主人公は東京に近い地方の街で生まれ育ち、地元の市役所で働く実家暮らしの33歳独身女性。ある日突然、人生をやり直すという話が展開されます。しかも、けっこうな数の人生をやり直すのに、肝心の場面はローカル話が中心で地味。それでも飽きさせないのは伏線が友達とのまるで聞き覚えがあるような会話から回収されていくからです。カラオケで歌う懐メロソングから転がる会話や、つい盛り上がる学生時代の先生の悪口など、“あるある”が伏線回収にもちりばめられているのです。
人生を何周もする主人公のあーちんこと、近藤麻美を演じる安藤サクラをはじめ、親友なっち役の夏帆、みーぽん役の木南晴夏、同級生の福ちゃん役の染谷将太、父親の田中直樹など、どの役もどこかで会ったことがありそうな人物像を演じ切っていることもこのドラマの醍醐味です。保育園児のあーちんを演じた子役の永尾柚乃ちゃんは大人顔負けの演技力を魅せてくれます。
観察力に脱帽する場面が多い
そんな芸達者の役者たちによる会話劇も超リアル。ファミレスやカフェで隣の席から聞こえてくるような内容です。たとえば、あーちん(安藤)を含む仲良し3人組が食事後にカラオケ店に行った時のエピソード。
バイトスタッフの福ちゃん(染谷)が好意でサービスしたポテトに対して「気持ちは超嬉しい。でもサービスしてくれるならドリンク、タダだよね」と、小さな不満をこぼすタイミングも言葉選びも再現性が高いと思ってしまうほどです。

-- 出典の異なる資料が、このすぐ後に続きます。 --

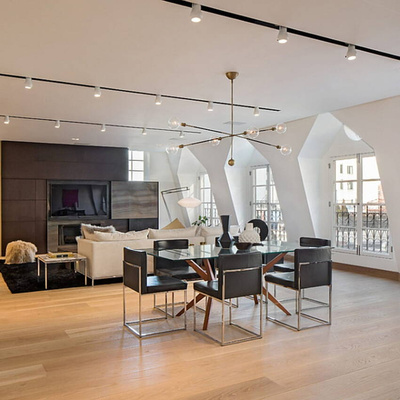 SZYNOPRZEWÓD 1 FAZOWY PROFILE TRACK CZARNY 3M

また表面上ではわからないような微妙な距離感がある関係性を「麻美ちゃん」と「あーちん」という名前の呼び方で変える表し方も巧妙です。ほかにも、小学生女子の間のシール交換を「交渉術を養う場」としたり、思春期の父親に対する嫌悪感を「携帯ストラップ」で表現したりと、観察力に脱帽する場面がとにかく多いのです。